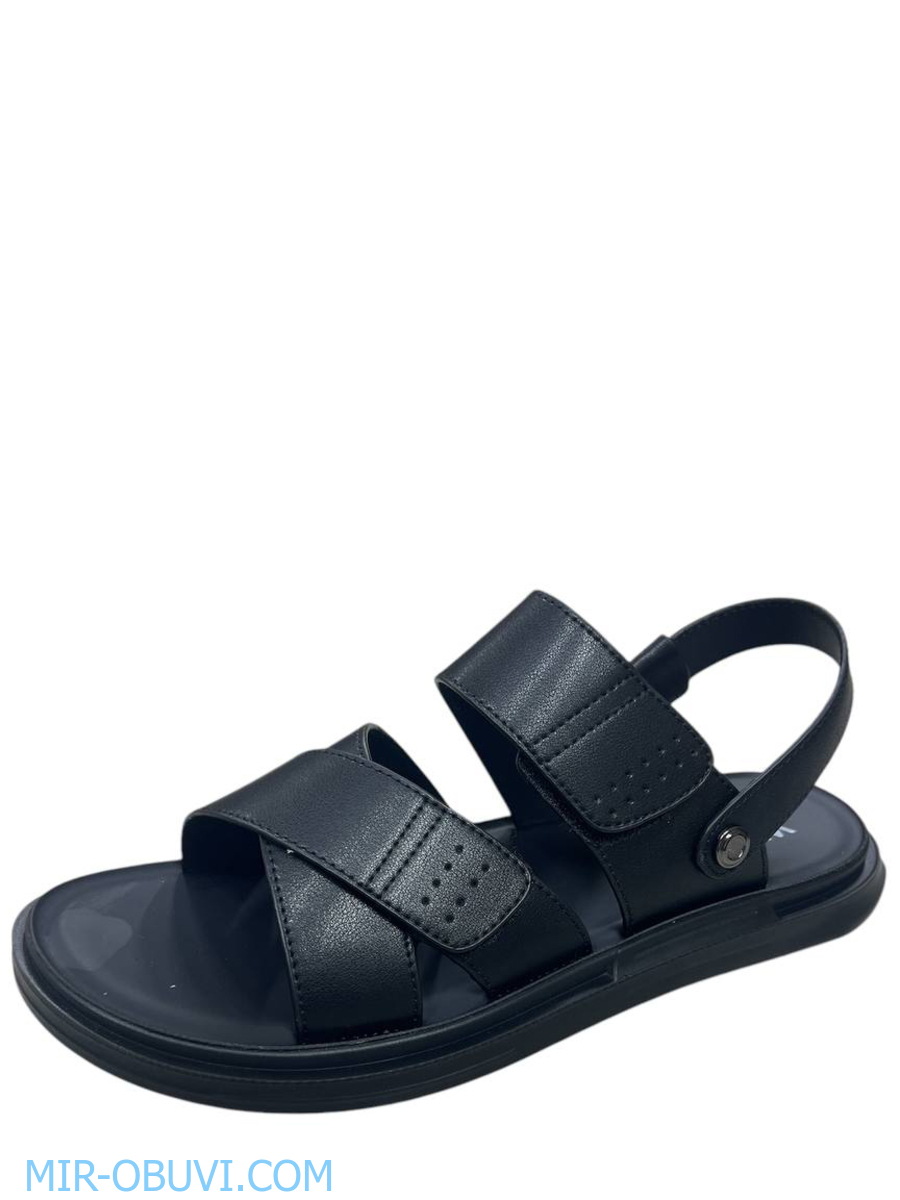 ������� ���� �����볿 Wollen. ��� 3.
*****
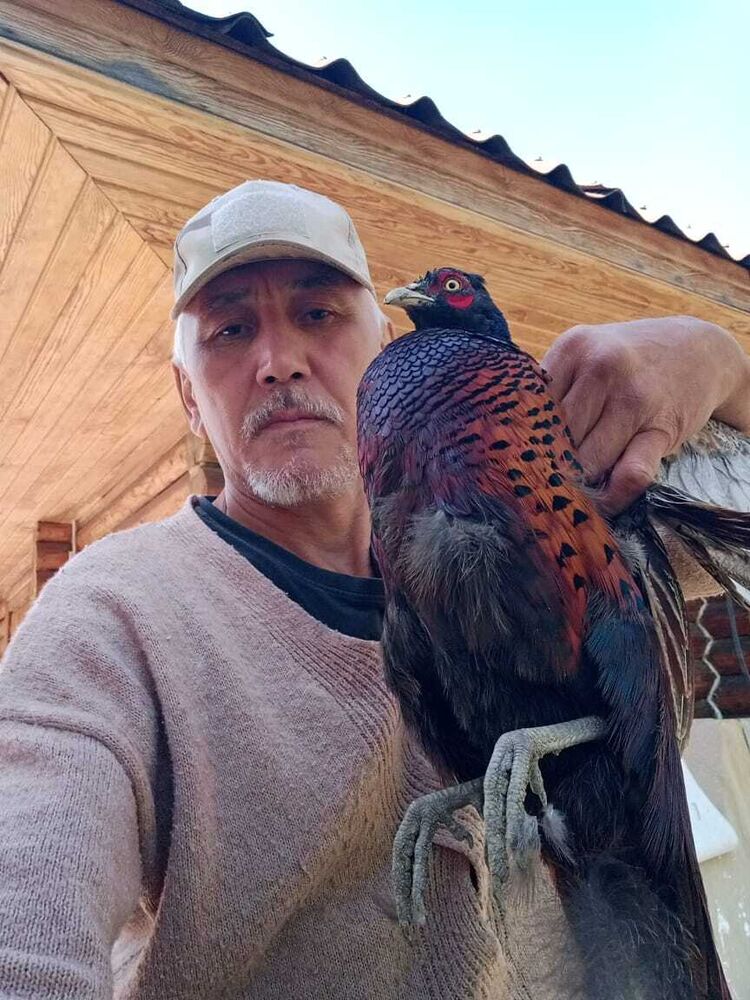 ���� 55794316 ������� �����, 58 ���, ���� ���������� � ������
*****
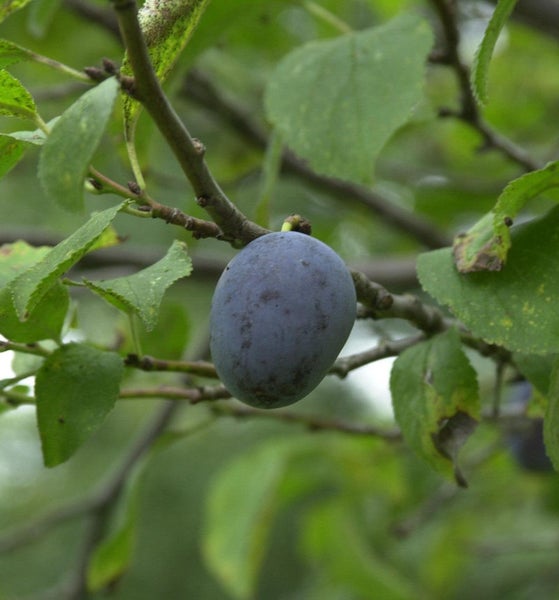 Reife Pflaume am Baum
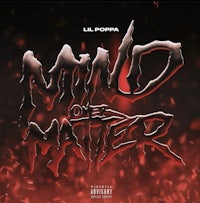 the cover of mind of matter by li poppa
*****
YOUR OBJECTIVE: Look above for the line containing "Reife Pflaume am Baum", then write out every line from there down to the line containing "the cover of mind of matter by li poppa", that line included, with no pictures.

ANSWER SECTION:
 Reife Pflaume am Baum
 the cover of mind of matter by li poppa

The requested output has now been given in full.